Foi um pioneiro no empreendedorismo imigrante de Guaianases, que agora tem restaurante, bares e salão de cabeleireiro.

O comércio serve como refúgio e ponto de encontro dos estrangeiros. É de lá que saem para jogar futebol, para a igreja. É onde se encontram depois do expediente.

Victor montou o Tallest (mais alto, em inglês) em um pequeno imóvel de Guaianases há um ano e meio, depois de anos trabalhando na construção civil. Ali disponibiliza 14 computadores e seis telefones que fazem ligações para o exterior.

Inicialmente, tinha como alvo o público da Copa. O bairro é vizinho a Itaquera, onde ocorreram jogos do Mundial, inclusive a abertura.

Victor acreditava que Guaianases receberia um grande número de turistas por causa do evento. A surpresa veio depois, com a chegada em massa de haitianos. Seu comércio bombou.

O fluxo é grande, principalmente à noite, quando estrangeiros que trabalham em outros pontos da cidade chegam nos trens lotados.

COMUNICAÇÃO

Dentro da loja, Victor conversa em inglês ou no dialeto igbo com seus conterrâneos. Até que entra algum haitiano, falando crioulo e francês. O comerciante Victor, então, se vê obrigado a arranhar o português, único idioma comum aos dois grupos de imigrantes do bairro.

Aí vem a dificuldade. Muitos haitianos, principalmente os recém chegados ao país, ainda falam muito pouco o português.

Numa noite de setembro, o comerciante tentava explicar a um deles que a conta de uma ligação internacional era de R$ 18. O cliente só tinha R$ 11.

A negociação, enrolada por causa das dificuldades com o idioma, se arrastou por cinco minutos. Mas Victor tem paciência. É por causa principalmente dos haitianos que sua LAN house cresceu.

Avener Prado/Folhapress
O cabeleireiro nigeriano Jeff
O cabeleireiro nigeriano Jeff "Hair Cut", como prefere ser chamado, em seu salão na avenida Nordestina, em Guaianases

CHAMADAS TELEFÔNICAS

Ao lado do caixa, um cartaz mostra o preço do minuto da ligação para vários países. Para o Haiti custa R$ 1,10. Gâmbia, R$ 1,60. Togo, R$ 1. E assim vai.

Victor explica que os imigrantes têm parentes e amigos em vários países. Por isso, precisou diversificar o rol de destinos das ligações.

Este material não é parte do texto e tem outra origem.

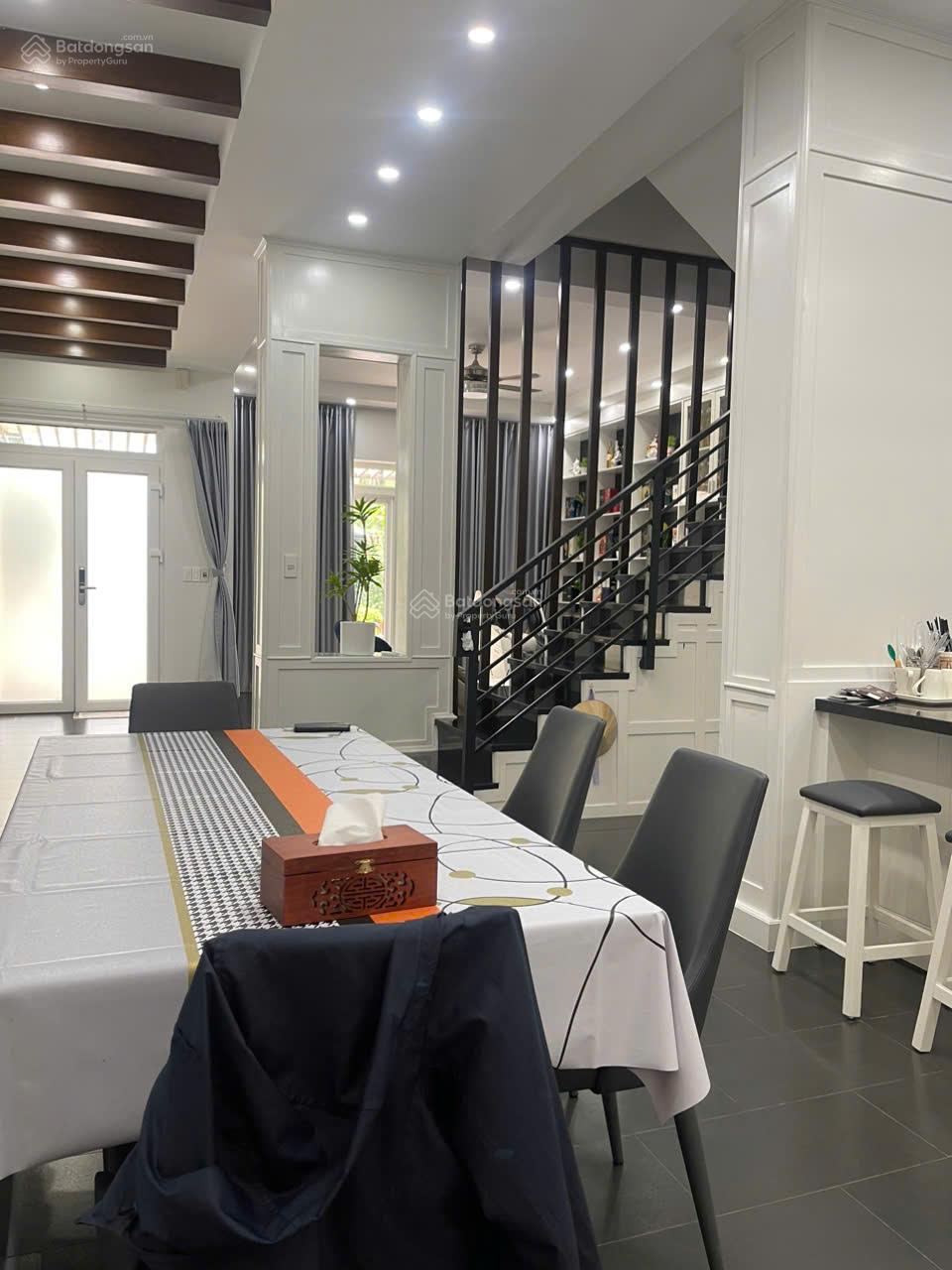 Bán biệt thự liên kế vườn khu Hưng Thái, Phú Mỹ Hưng, Q. 7, giá: 35 tỷ, sổ hồng. LH: 0979 762 ***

"Eu mesmo tenho parentes no Estados Unidos, no Canadá, na Inglaterra", conta o nigeriano, vestindo uma blusa do São Paulo, time que adotou quando chegou ao Brasil.

As chamadas dos haitianos duram poucos minutos. Eles parecem ter pouco dinheiro ou preferem economizar.

'HAIR CUT'

Perto dali, a avenida Nordestina –nomeada assim em homenagem aos retirantes que povoaram o bairro no século 20– é hoje a via dos nigerianos. Ali, os africanos comandam restaurante, bar, igrejas e um cabeleireiro.

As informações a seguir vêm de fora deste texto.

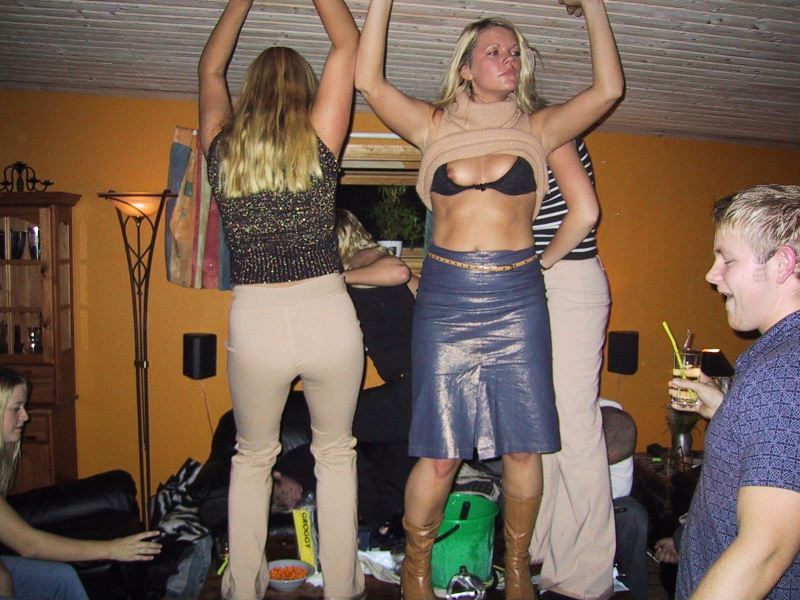 Young girls at party-  drunk teenagers - amateurs pics 19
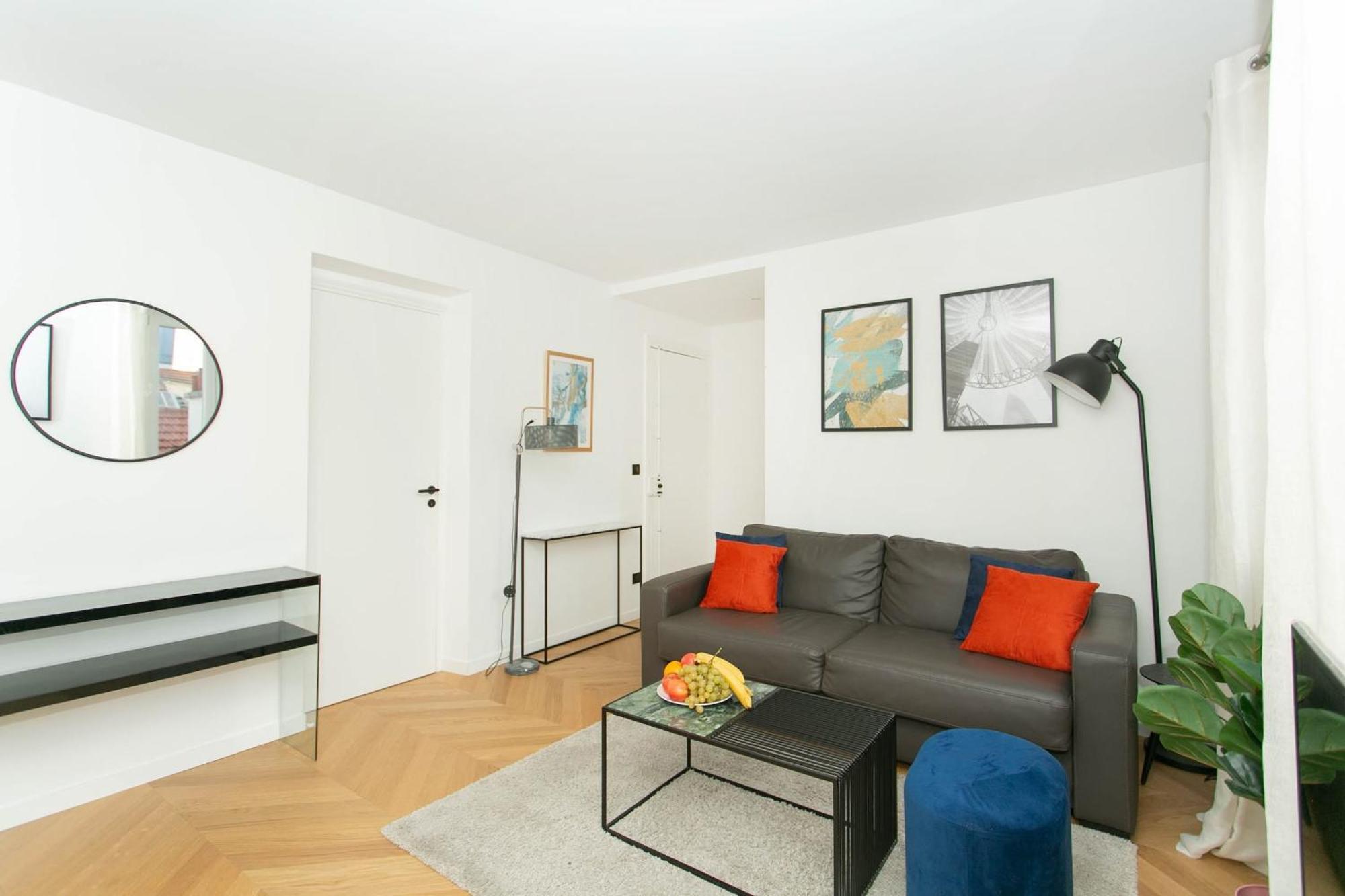 Haussmann - 2br Near Champs-elysees - Cityapartmentstay Apartment
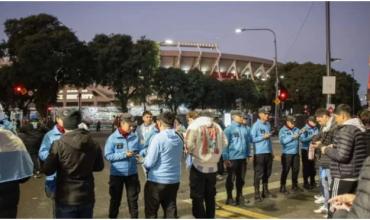 Imputaron a una mujer por falsificar carnets de River y venderlos por Facebook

No salão, Jeff "Hair Cut", como prefere ser chamado, recebe amigos para o corte que custa R$ 20. O movimento cresce no sábado, um dia antes de um culto evangélico de nigerianos.

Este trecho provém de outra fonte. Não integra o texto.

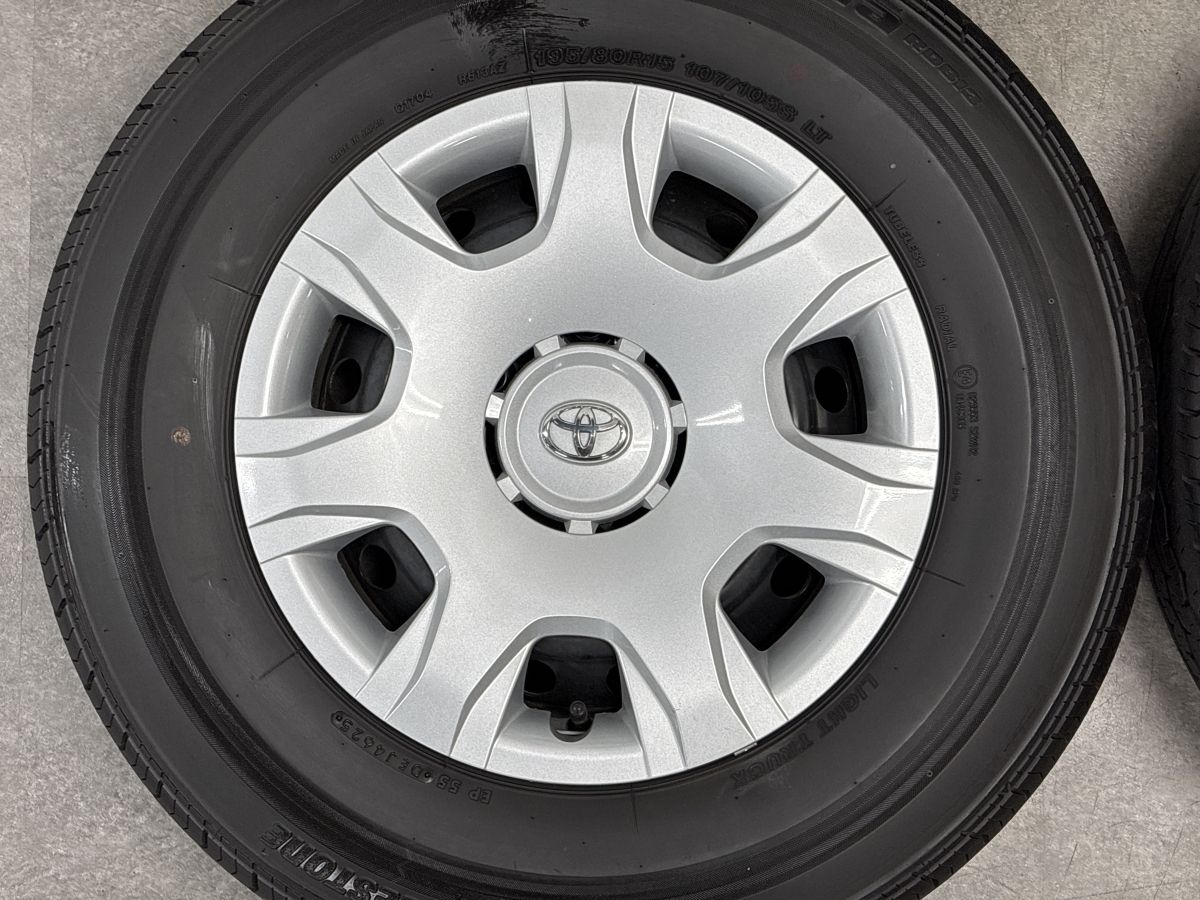 2025年製 バリ溝 美品】トヨタ 200 ハイエース 純正 15in 6J +35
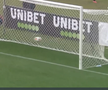 Gol de cascadorii râsului în Superliga! Ploaia de la Sibiu l-a doborât pe portarul Krell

Jeff chegou há três meses a São Paulo. Montou a lojinha com apoio do pastor Richmond Chukwemeka, 39, que também tem um negócio de ligações internacionais.

Alguns metros acima, na mesma avenida, os africanos costumam almoçar em um bar comandado por um nigeriano. A comida é típica, mas, aos sábados, tem forró ao vivo.

Avener Prado/Folhapress
Imigrante senegalês Abdoul Barro, 30, vende fones e equipamentos eletrônicos próximo à estação Guaianases
Imigrante senegalês Abdoul Barro, 30, vende fones e equipamentos eletrônicos próximo à estação Guaianases

FONE COM MICROFONE

São 18h, e a estação de Guaianases ferve de gente. Os trens desembarcam lotados. Do lado de fora, uma multidão forma filas no ponto dos ônibus. Um homem negro se destaca pela alta estatura. Segura um rolo de fones de celular e um pau de selfie.

É o senegalês Abdoul Barro, 30. Ele grita bem rápido: "Fone, fone com microfone. Fone, fone com microfone".

Recém-chegado ao Brasil, fala pouquíssimo português. Só sabe bem uma coisa: "Fone, fone com microfone".

Abdoul Barro vive no centro. Vai para Guaianases apenas para tentar vender suas bugigangas. "Aqui é tranquilo, aqui não tem... não tem...". Fiscalização. Como Abdoul, os camelôs rodam livres em Guaianases.